Real-time continuous glucose monitoring (CGM) was superior to self-monitoring of blood glucose (SMBG) in reducing HbA1c, hypoglycemia, and other end points in individuals with type 1 diabetes regardless of their insulin delivery method, a study found.
The study enrolled 94 adults who had type 1 diabetes for more than two years and HbA1c levels between 7% and 10% at baseline. Researchers divided participants into four different subgroups based upon patient choice: real-time CGM with multiple daily insulin injections (n=22), CGM with continuous subcutaneous insulin infusion (n=26); SMBG with insulin injections (n=21); and SMBG with insulin infusion (n=25). The main study end points were changes in HbA1c, time in target glucose range (70 to 180 mg/dL [3.9 to 10 mmol/L]), time below range (<70 mg/dL [<3.9 mmol/L]), glycemic variability, and incidence of hypoglycemia. Dexcom Inc., a manufacturer of CGM systems, provided funding for manuscript development. Results were published Sept. 17 by Diabetes Care.
At three years, the patients who used CGM paired with either multiple daily injections or an insulin pump had better HbA1c levels (7.0% and 6.9%, respectively) than participants in the self-monitoring of blood glucose subgroups using either multiple daily injections or an insulin pump (7.7% and 8.0%, respectively). There was no significant difference between the CGM groups. Only the CGM groups saw significant improvements in percentage of time in target range (injection group, from 48.7% to 69.0% [P<0.0001]; infusion group, from 50.9% to 72.3% [P<0.0001]) and time below target range (from 9.4% to 5.5% [P=0.0287] and from 9.0% to 5.3% [P=0.0325], respectively). Seven severe hypoglycemia episodes occurred, five in the SMBG groups and two in the CGM groups.
The results showed comparable improvements in both the CGM groups, which suggests that CGM has equivalent efficacy regardless of the insulin delivery method used, according to the study authors. Real-time monitoring with multiple daily insulin injections can be considered an equivalent but lower-cost alternative to sensor-augmented insulin pump therapy and superior to treatment with SMBG, they said.

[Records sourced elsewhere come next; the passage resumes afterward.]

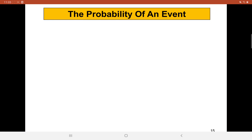Hello everyone. For our second video, we start with the probability of an event.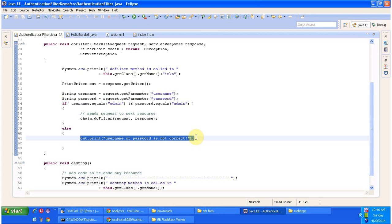And this is about how to write an authentication filter. Thanks for watching. Bye.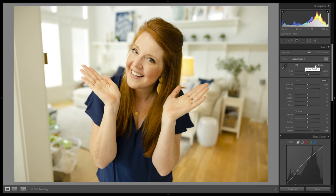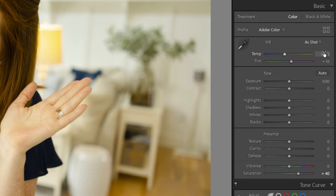When people push back on why I shoot in Kelvin, normally their reasoning is: why would you shoot in Kelvin? Because it doesn't matter if you select 5,500 in-camera for your Kelvin, or if you shoot on auto white balance and then adjust your white balance to 5,500 in Lightroom in post-processing — the image and the coloring will be exactly the same. So my answer to that is: I think it's personal preference, and for me it's less about the technicality and more about how it empowers me while I'm shooting.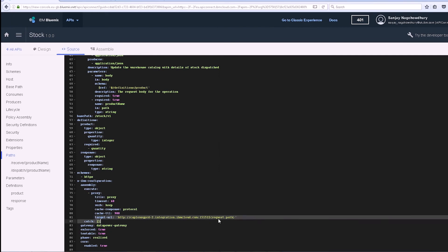We can see that the target URL in the Swagger definition has the host and port of the secure gateway. When the API is invoked, the request will be directed to that host and port, and then the secure gateway will route it to the destination that was added.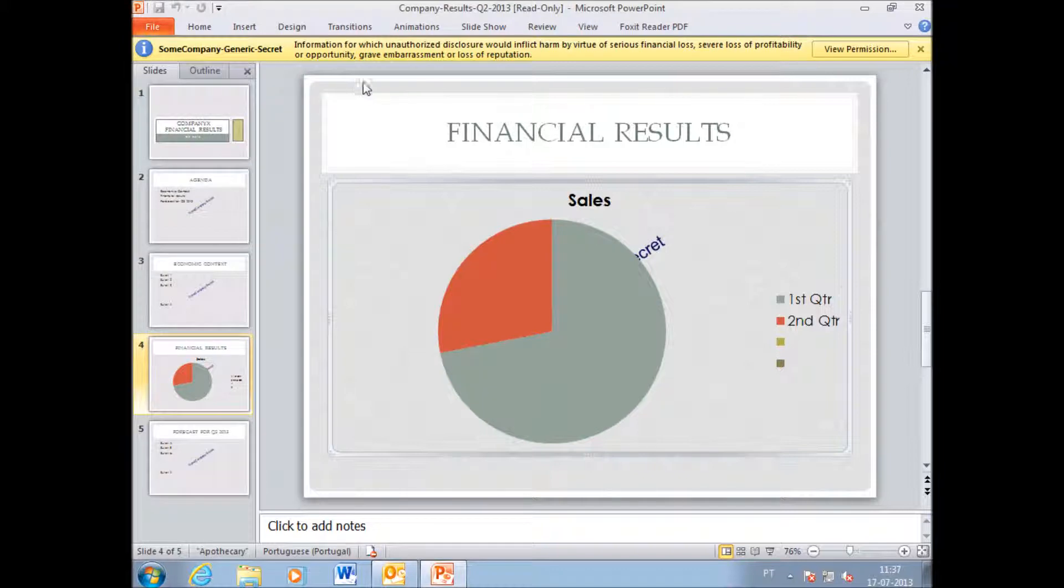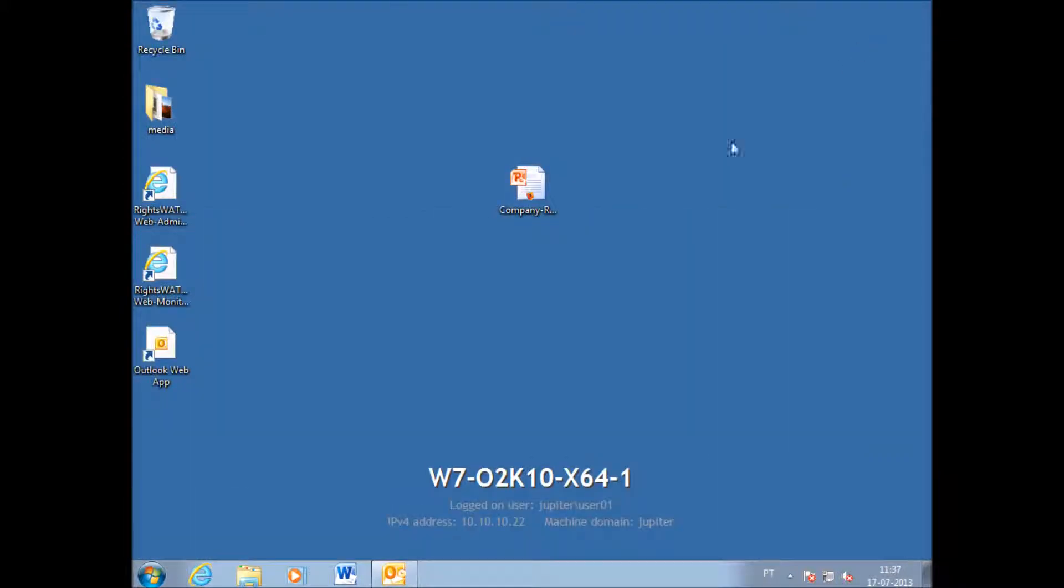This is how powerful the detailed rights are using WritesWatch on top of AD RMS. If I want to save, I will not be able to, so I just have to close this.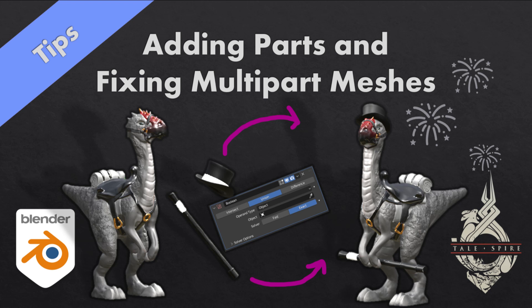Hello and welcome. In this video I'm going to discuss how to combine parts in Blender.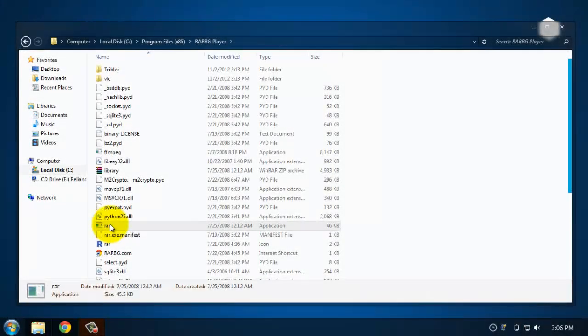Hey what's up guys, today I'll teach you how to check torrent video quality before downloading them completely.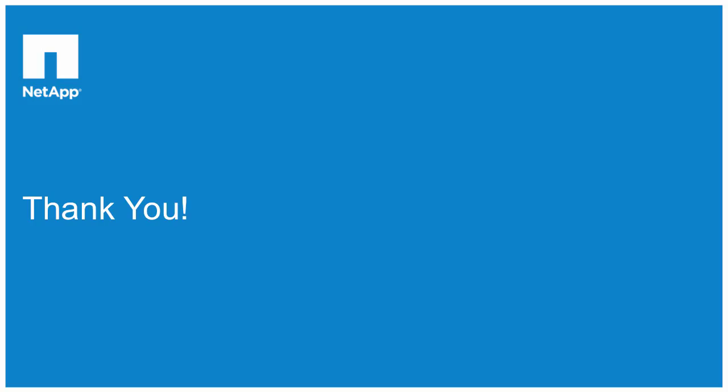That concludes this video. Please reference our additional OnCommand Cloud Manager and NetApp Cloud ONTAP videos for more guidance. We hope you found this helpful, and have a great day.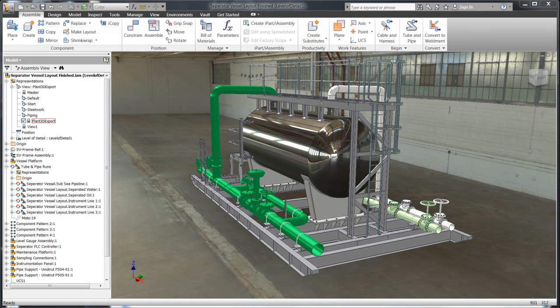Let's take a look at how easy it is to share information between Autodesk Inventor and Autodesk Plant 3D. What we're looking at here is a separator vessel that was created totally within Inventor.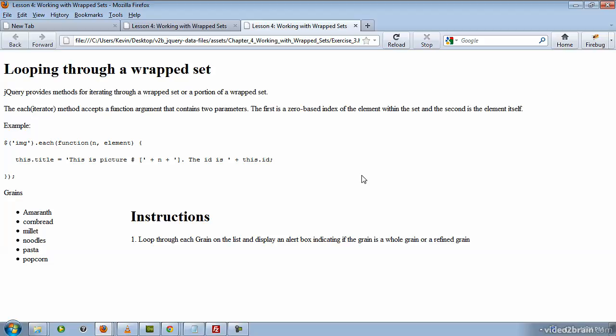So in this exercise, you learned how we can loop through a wrapped set that's returned by jQuery in order to perform a repetitive action on it.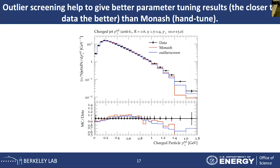This plot shows that outlier screening helped find a better parameter tuning result compared to the default Monash tuning. The closer to the data, the better the performance. We can see that by using the outlier screening method, our results are more in line and closer to the reference line — the horizontal line with value one.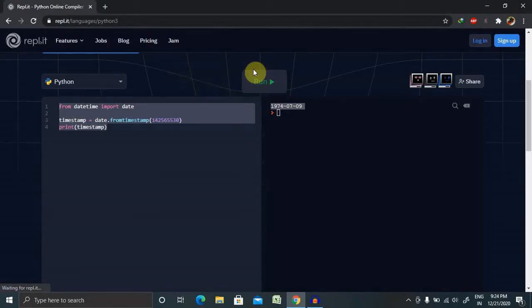Welcome again. Today I will show you how to print or show today's year, month, and date in Python programming language.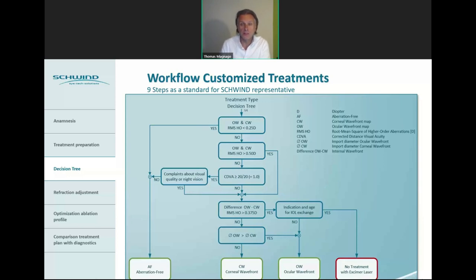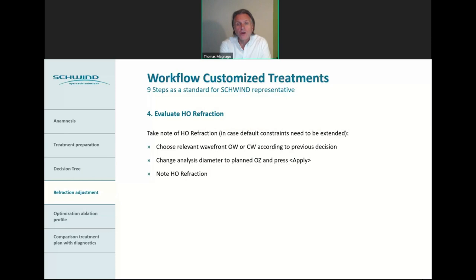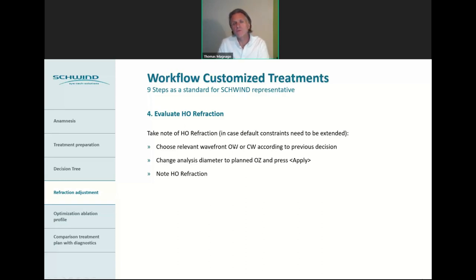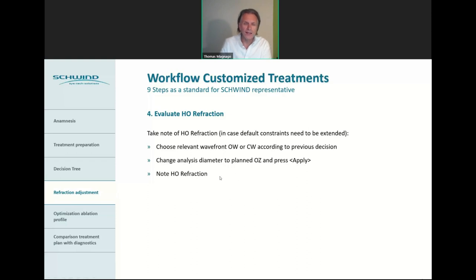This is the decision tree we typically use, and which you also find as a Schwind user on the background of your panel PC as reference information. The next step is what we call evaluation of the higher-order refraction. The higher-order aberrations have an influence on the subjective refraction. With the ORK-CAM software, you can calculate the higher-order refraction. Note down that higher-order refraction, and choose it from the relevant ocular or corneal wavefront according to the decision tree. Make sure you change the analysis diameter to the planned optical zone, then press apply and note down the higher-order refraction.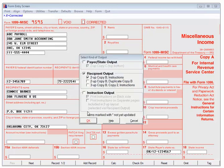This screen lists the output options. The output types include Payer or State, Recipient, or Instructions. For the purposes of the tutorial, select Recipient Copy B and Instructions. This will print the recipient form and data on blank paper. Click OK.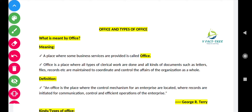Office includes and maintains all kinds of documents such as letters, files, records, etc., for the purpose of coordinating and controlling the affairs of the organization. So this is the meaning of office.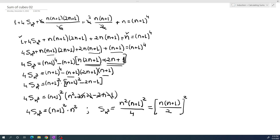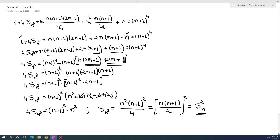So the sum of cubes equals the square of the arithmetic sum: S_n³ = [n(n+1)/2]². Thank you for your attention. Have a nice day!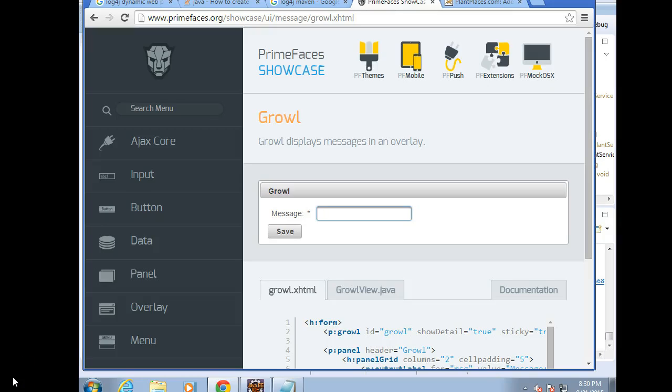In this video, we're going to implement a PrimeFaces Growl. A growl is similar to the messages that you see in many Apple products. It can also be similar to a toast in Android.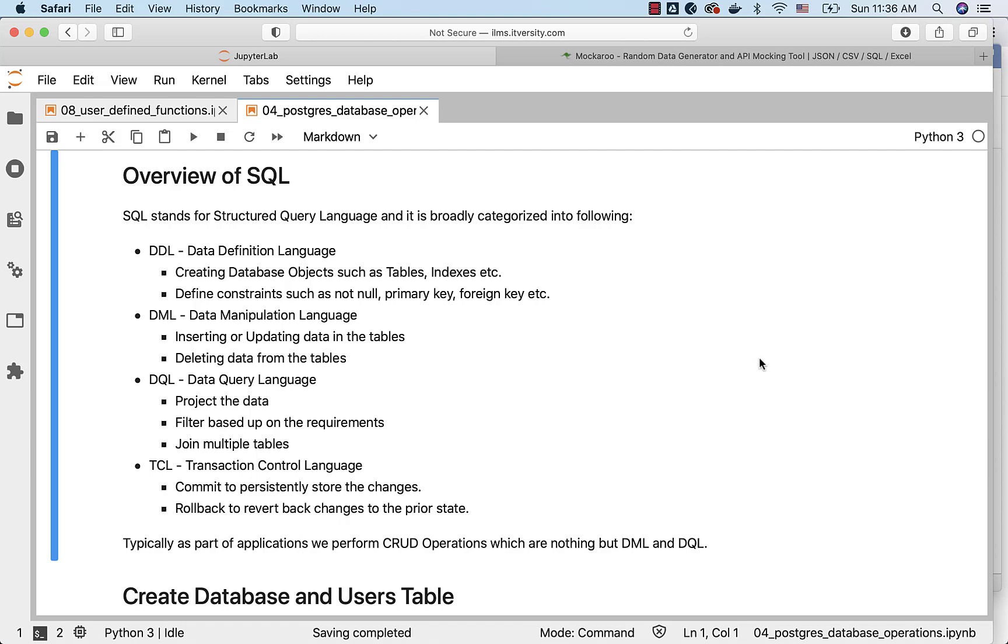When it comes to SQL, it is broadly categorized into the following: DDL which stands for Data Definition Language, DML which stands for Data Manipulation Language, DQL which stands for Data Query Language, and TCL which stands for Transaction Control Language.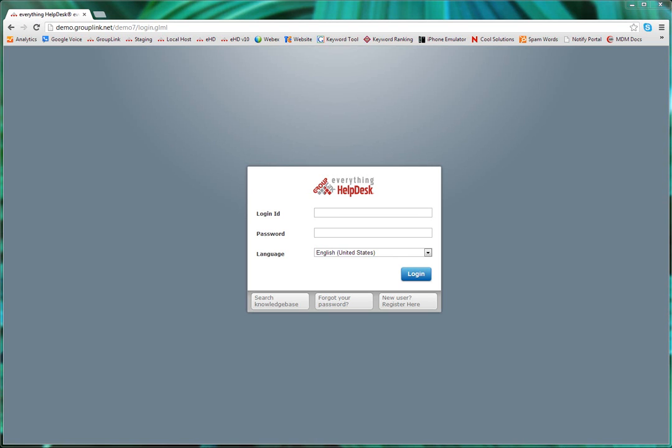GroupLinks Everything Helpdesk. This video will show you an overview of the end user portal for GroupLinks Everything Helpdesk.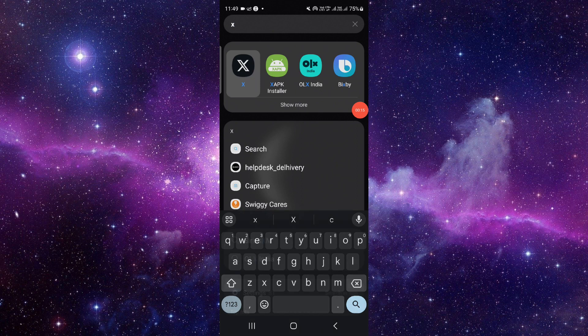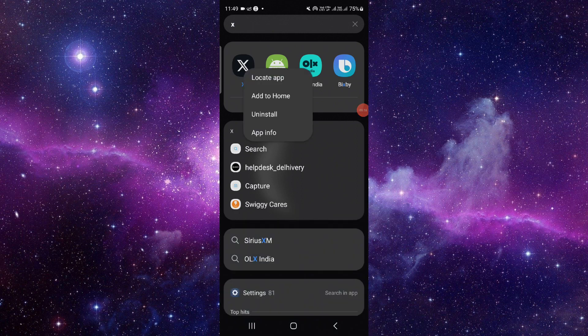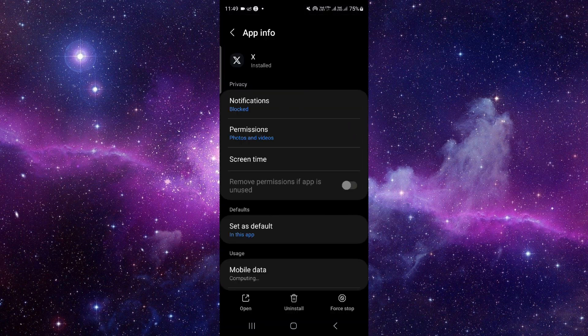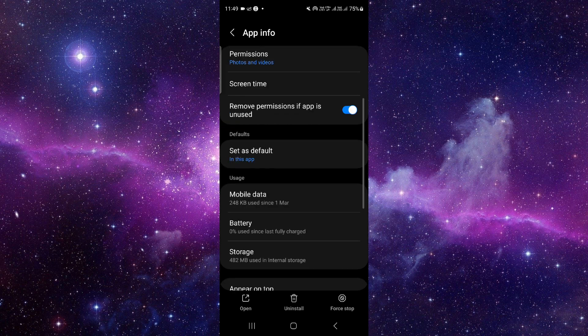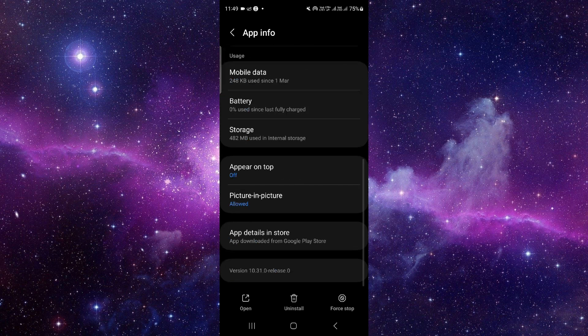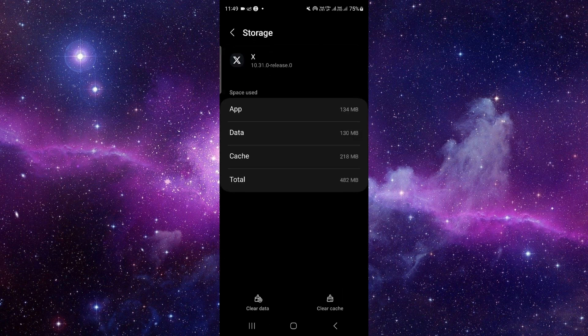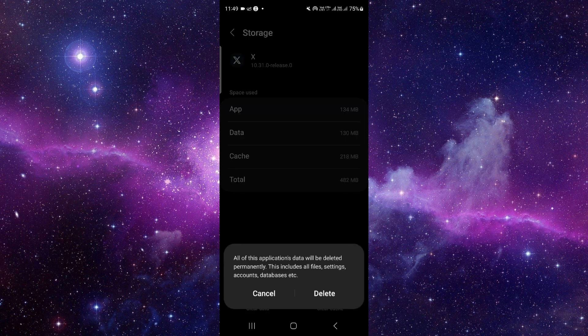Here you have to press and hold it, then click on App Info. From here, go and click to the last option here, the Storage option, then click on Clear Data.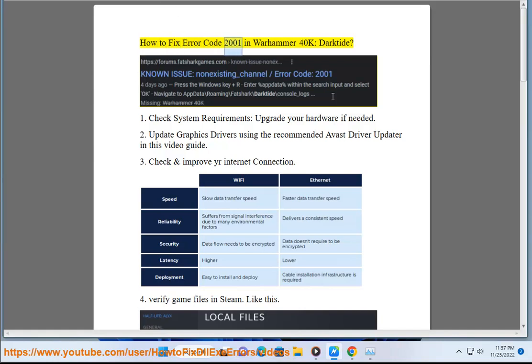How to fix error code 2001 in Warhammer 40k: Darktide. 1. Check system requirements and upgrade your hardware if needed.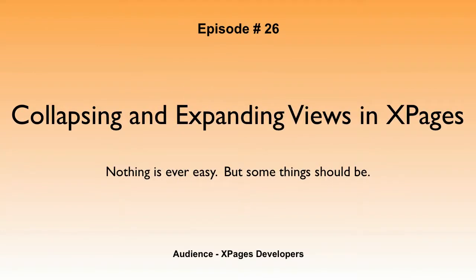Episode 26, Collapsing and Expanding Views in XPages. Nothing is ever easy, but some things should be.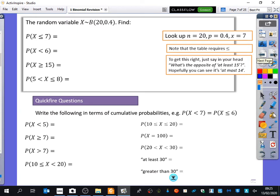We might not just be interested in probabilities of things being less than or equal to something. This one is straightforward — it's just X being less than or equal to 7 — and I could look it up in the table or go to my calculator and change the value. I want you all to work this out: for X~B(20, 0.4), find P(X≤7). You can either use the tables or the calculator.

The authors noted that the consistently high percentage of time that participants wore their sensors during the study period suggests that CGM was perceived to be a valuable tool. The observed differences might be explained by a significant increase in the number of daily boluses in the CGM group, while there was no change in daily bolusing in the SMBG groups.
ACP Journal Club recently reviewed another study of CGM and insulin pumps. The industry-funded study, published in the June 1 issue of The Lancet Diabetes & Endocrinology, found that in patients with type 1 diabetes and high risk of hypoglycemia, insulin pumps with integrated CGM and suspend-before-low technology reduced hypoglycemic events compared with pumps without either feature.
The commentary noted that limitations of the trial include that it did not compare CGM plus a pump with the suspend-before-low option to either CGM alone or CGM and a pump without the suspend option, which are also effective. “The automated feature may be expected to improve quality of life by reducing the burden of treatment, an effect that may be partially offset in some patients by the technology's high cost,” said the commentary, which was published in the Sept. 17 Annals of Internal Medicine. “Although the benefit reported with pumps with suspend-before-low features is large in patients at high risk for hypoglycemia, clinicians and patients adopting this technology must keep in mind the possibility of prolonged suspension of insulin and its associated risks (i.e., diabetic ketoacidosis, rebound hyperglycemia, and HbA1c elevation).”